Umar bin al-Khoththob radhiyallahu anhu, dibunuh dengan tikaman curang saat beliau sholat Subuh. Sebenarnya, Umar telah berfirasat akan dekatnya masa kematian beliau melalui mimpi yang dialaminya.
Dalam suatu khutbah Jumat, Umar bin al-Khoththob radhiyallahu anhu menyatakan:
إِنِّي رَأَيْتُ كَأَنَّ دِيكًا نَقَرَنِي ثَلَاثَ نَقَرَاتٍ وَإِنِّي لَا أُرَاهُ إِلَّا حُضُورَ أَجَلِي
Sesungguhnya aku melihat, seakan-akan ayam jantan mematukku tiga kali. Sesungguhnya tidaklah aku melihat hal itu kecuali menandakan sudah dekatnya ajalku (H.R Muslim)

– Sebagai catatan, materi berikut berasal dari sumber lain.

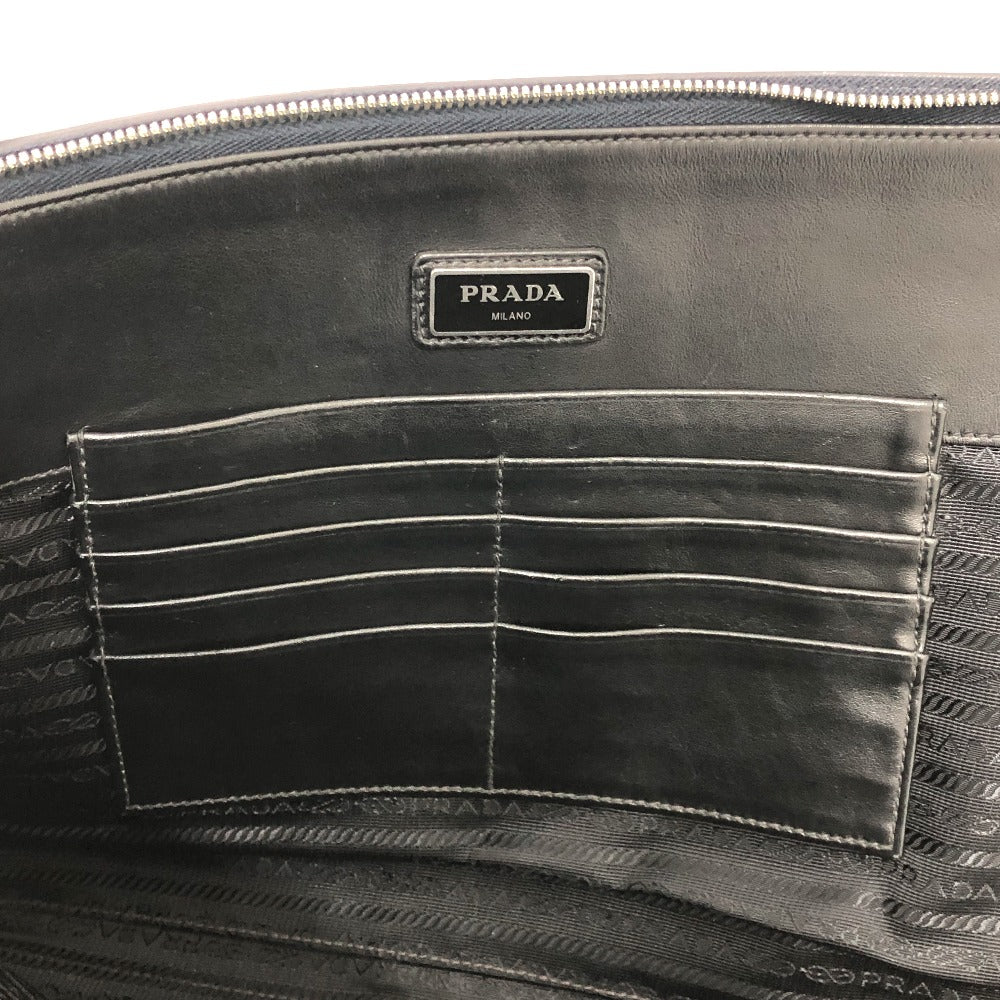 PRADA Clutch bag 2VN003 Safiano leather Navy logo mens Used Authentic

Empat hari sebelum kematian, Umar masih bermusyawarah dan memberikan arahan kepada Sahabat Hudzaifah bin al-Yaman dan Utsman bin Hunaif tentang masalah jizyah untuk penduduk Iraq, apakah terlalu berat bagi mereka atau sudah sesuai. Umar sangat perhatian dalam hal itu. Karena jizyah adalah bagian dari perintah Allah, harus ditunaikan bagi pihak-pihak yang sesuai dengan ketentuan. Namun, beliau tidak ingin memberatkan rakyatnya. Beliau musyawarahkan kadarnya. Beliau benar-benar tidak ingin ada kedzhaliman di tengah-tengah mereka.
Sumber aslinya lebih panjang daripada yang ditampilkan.